I should state at the outset that I have had the pleasure of appearing with David at various speeches and I like him a great deal. More importantly, I respect him greatly as a lawyer. Finally, he is doing his best to protect a client who has been devastated by hackers who some believe originate in North Korea (where the “Dear One” is royally ticked over a mocking movie based on his character).
The hack attack is the Wikileaks scandal of Hollywood. Stars are portrayed as spoiled brats and dysfunctional idiots while differences in pay are being bantered about by pundits. Boies has tried to stop the torrent of bad press with a letter sent to media “to ensure that you are aware that SPE does not consent to your possession, review copying, dissemination, publication, uploading, downloading or making any use of the stolen information, and to request your cooperation in destroying the stolen information.” He further warns that the publication of this material furthers “an on-going campaign explicitly seeking to prevent SPE from distributing a motion picture.” That suggests that media could be sued for not just using the material but aggravating the injury from this campaign. Boies states that his client “does not consent to your possession, review, copying, dissemination, publication, uploading, downloading, or making any use of the stolen information.” In case there is any confusion, Boies warns that “If you do not comply with this request, and the stolen information is used or disseminated by you in any manner, Sony Pictures Entertainment will have no choice but to hold you responsible for any damage or loss arising from such use or dissemination by you.”
Everyone from the New York Times to the Hollywood Reporter have received the letter.

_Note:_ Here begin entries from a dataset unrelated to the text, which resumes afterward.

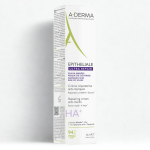 Aderma epitheliale ah ultra creme 40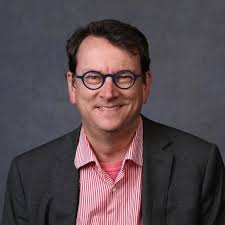 Jonathan Berkey's Instagram, Twitter & Facebook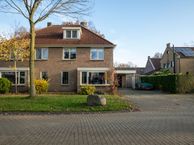 Watermuntlaan 7, 7534 KC Enschede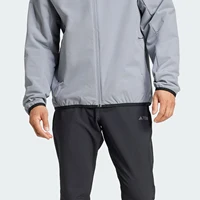 Adidas Authentic MT COLDRDY JKT Veste à capuche pour homme IY0091 5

Since the media were not involved in the hacking (for which people can be legitimately sued as well as prosecuted), the First Amendment protects the use of this information in my view as a matter of public interest. In 2001, the Court ruled 6-3 in Bartnicki v. Vopper, that a radio broadcaster that aired an illegally recorded cellphone conversation between a teachers’ union president and a top union negotiator was not liable given the protections of the First Amendment. Former Justice John Paul Stevens wrote that “A stranger’s illegal conduct does not suffice to remove the First Amendment shield from speech about a matter of public concern.”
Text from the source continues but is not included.